1

I have a very large dataset with hundreds of thousands of customer status records formatted as follows. An account can have multiple separate customers, each with their own status that is independent from the account status.

#Account, Customer,       date, previous_status, current_status
     123,      abc, 2022-12-30,          active,      suspended
     456,      xyz, 2023-01-01,       suspended,         closed
     123,      abc, 2023-01-02,       suspended,         active
     123,      def, 2023-01-02,          active,         closed
     789,      qrs, 2023-01-03,          active,      suspended
     789,      qrs, 2023-01-03,       suspended,         active
     246,      jkl, 2023-01-04,          active,      suspended
     357,      ghi, 2023-01-04,          active,      suspended
     123,      abc, 2023-01-05,       suspended,         active
     246,      jkl, 2023-01-05,       suspended,         active

I need to calculate the number of days the customer was suspended when their status changes to either closed or active.
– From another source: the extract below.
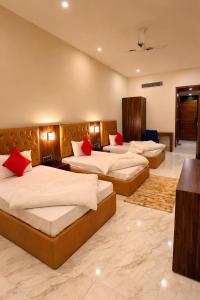 a hotel room with three beds with red pillows at Paradise Resort Paonta in Pāonta Sāhib +5 photos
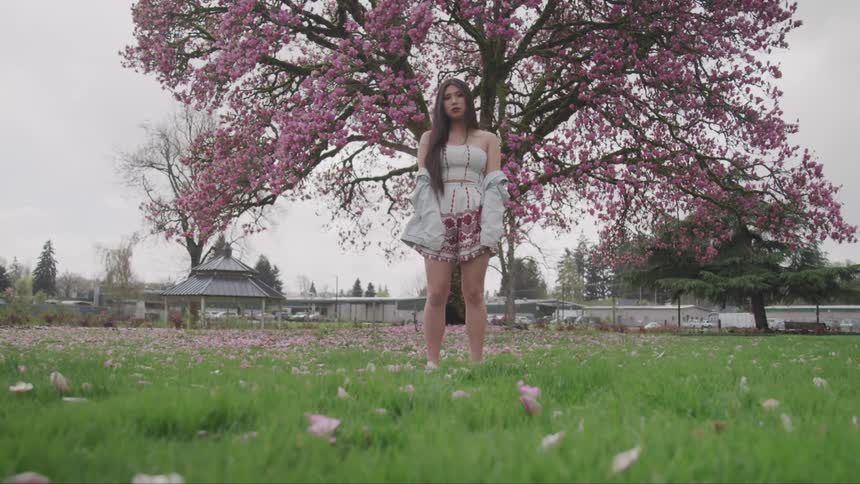 A woman is standing outdoors by a tree with flowers on it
[https://stackoverflow.com/questions/63037503/calculate-the-time-difference-between-two-rows-with-conditions] got me pretty close, but I'm struggling to adapt it to only take the difference when the account and customer are the same.

https://stackoverflow.com/questions/66128346/calculate-difference-between-dates-for-sequential-pandas-rows-based-on-condition does account for multiple different accounts, but when I try I get a key error on this line

y = temp_df.iloc[-1:, -1:]["or_date"].values[0]

Dataframe

df = pd.DataFrame({'#Account': [123, 456, 123, 123, 789, 789, 246, 357, 123, 246],
                   'Customer': ["abc", "xyz", "abc", "def", "qrs", "qrs", "jkl", "ghi", "abc", "jkl"],
                   'date':  ["2022-12-30", "2023-01-01", "2023-01-02", "2023-01-02", "2023-01-03", 
                             "2023-01-03", "2023-01-04", "2023-01-04", "2023-01-05", "2023-01-05"],
                   'previous_status':  ["active", "suspended", "suspended", "active", "active", 
                                        "suspended", "active", "active", "suspended", "suspended"],
                   'current_status':  ["suspended", "closed", "active", "closed", "suspended", 
                                       "active", "suspended", "suspended", "active", "active"],
                  })
Laurent B.
  • 1,653
  • 1
  • 7
  • 16

1 Answers1

0

You should probably use vector operations for it, it'll run much faster than iloc, map, apply or any sort of loop. Look into numpy.where (or numpy.select if your conditions get long or complex enough). This way you can write your function to essentially operate on the entire column rather than its individual rows (which takes forever)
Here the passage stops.